I’ve recently re-designed and implemented a new network for home. A blog post will follow shortly detailing the design and my reasoning behind it all. This afternoon I’ve been kicking the tyres on the new build and making some tweaks here and there to maximize the performance.
One of the tests I ran was a network speed test between a virtual MS 2012 server and the Synology RS815 NAS. At the time of writing this blog the hypervisor had a single Gigabit connection to the switch (new fancy Intel dual port server adapter on order).
The 2012 server has an SMB share mounted to the NAS. The Cisco switch is running in layer 3 so the traffic between the server and the NAS is routed via an SVI on the switch. Jumbo frame sizes (9000 Bytes) were enabled on everything in the path including the vmxnet3 adaptor assigned by the hypervisor to the 2012 server.

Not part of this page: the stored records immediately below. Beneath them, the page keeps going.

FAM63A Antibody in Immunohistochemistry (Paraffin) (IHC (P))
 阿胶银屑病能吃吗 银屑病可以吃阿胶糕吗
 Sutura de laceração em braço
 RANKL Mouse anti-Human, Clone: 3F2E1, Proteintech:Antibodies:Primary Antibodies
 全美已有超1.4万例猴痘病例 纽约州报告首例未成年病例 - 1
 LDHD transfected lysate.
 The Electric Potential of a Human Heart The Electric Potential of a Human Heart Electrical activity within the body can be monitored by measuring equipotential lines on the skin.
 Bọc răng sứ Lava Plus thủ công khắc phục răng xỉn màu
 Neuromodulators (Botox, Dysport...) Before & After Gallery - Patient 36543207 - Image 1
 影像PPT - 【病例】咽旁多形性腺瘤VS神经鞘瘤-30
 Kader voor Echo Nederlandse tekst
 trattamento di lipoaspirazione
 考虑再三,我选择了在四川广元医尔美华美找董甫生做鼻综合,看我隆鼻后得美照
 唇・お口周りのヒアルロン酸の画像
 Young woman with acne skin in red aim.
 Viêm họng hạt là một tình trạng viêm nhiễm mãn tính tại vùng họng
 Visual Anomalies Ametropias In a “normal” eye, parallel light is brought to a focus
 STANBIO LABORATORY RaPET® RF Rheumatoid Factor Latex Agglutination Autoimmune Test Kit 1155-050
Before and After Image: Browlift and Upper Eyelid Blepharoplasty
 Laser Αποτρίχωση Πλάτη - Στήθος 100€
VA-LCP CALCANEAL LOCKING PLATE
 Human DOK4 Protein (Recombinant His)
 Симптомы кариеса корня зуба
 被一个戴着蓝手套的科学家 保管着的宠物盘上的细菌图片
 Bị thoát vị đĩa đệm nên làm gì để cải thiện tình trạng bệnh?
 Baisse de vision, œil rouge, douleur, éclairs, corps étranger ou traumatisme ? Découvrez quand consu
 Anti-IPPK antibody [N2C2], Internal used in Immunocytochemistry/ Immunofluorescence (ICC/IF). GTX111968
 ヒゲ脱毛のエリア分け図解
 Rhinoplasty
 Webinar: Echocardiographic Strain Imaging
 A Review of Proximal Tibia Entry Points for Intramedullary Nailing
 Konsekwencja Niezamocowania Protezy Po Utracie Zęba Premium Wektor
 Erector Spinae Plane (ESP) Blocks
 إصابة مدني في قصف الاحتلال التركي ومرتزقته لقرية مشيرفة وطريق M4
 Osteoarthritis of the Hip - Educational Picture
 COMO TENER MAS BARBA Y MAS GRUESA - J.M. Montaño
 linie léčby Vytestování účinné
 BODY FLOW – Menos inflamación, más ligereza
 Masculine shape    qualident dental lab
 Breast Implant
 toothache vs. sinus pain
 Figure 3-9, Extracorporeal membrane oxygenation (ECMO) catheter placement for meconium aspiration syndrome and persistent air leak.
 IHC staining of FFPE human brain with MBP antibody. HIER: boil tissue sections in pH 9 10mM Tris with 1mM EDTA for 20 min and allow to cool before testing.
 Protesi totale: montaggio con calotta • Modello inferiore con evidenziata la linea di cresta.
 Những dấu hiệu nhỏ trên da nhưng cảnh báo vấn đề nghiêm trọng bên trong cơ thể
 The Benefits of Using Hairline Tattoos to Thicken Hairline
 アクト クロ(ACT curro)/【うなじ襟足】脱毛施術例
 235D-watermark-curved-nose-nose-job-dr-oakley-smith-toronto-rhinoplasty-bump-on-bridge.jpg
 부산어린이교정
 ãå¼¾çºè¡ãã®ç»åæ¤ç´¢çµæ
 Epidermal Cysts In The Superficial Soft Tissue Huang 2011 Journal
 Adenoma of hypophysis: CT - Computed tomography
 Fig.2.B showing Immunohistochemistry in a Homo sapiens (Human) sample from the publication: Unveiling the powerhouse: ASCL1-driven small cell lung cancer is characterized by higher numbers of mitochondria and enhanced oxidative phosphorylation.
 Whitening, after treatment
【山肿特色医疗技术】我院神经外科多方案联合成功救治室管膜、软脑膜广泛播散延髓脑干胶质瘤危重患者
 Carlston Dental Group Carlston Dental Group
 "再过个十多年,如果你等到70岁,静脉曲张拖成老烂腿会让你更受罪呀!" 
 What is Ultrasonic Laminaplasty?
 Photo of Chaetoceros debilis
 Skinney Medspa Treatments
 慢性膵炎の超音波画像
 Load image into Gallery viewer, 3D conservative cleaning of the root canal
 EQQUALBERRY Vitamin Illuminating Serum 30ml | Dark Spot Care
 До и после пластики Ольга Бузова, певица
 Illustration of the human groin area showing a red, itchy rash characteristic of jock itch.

Here is the result from one of the many tests I’ve been running:
I almost achieved line rate on the read test. Not to shabby considering the Synology NAS was also running various other services at the time of the testing.
I’m certainly looking forward to installing the fancy network adaptor thats on order. I’ll build another LACP LAG connection between the hypervisor and the switch. Not sure I’ll squeeze much more through though as remember the speed of a LAG link is only as fast as physical member ports (1 Gbps in my case).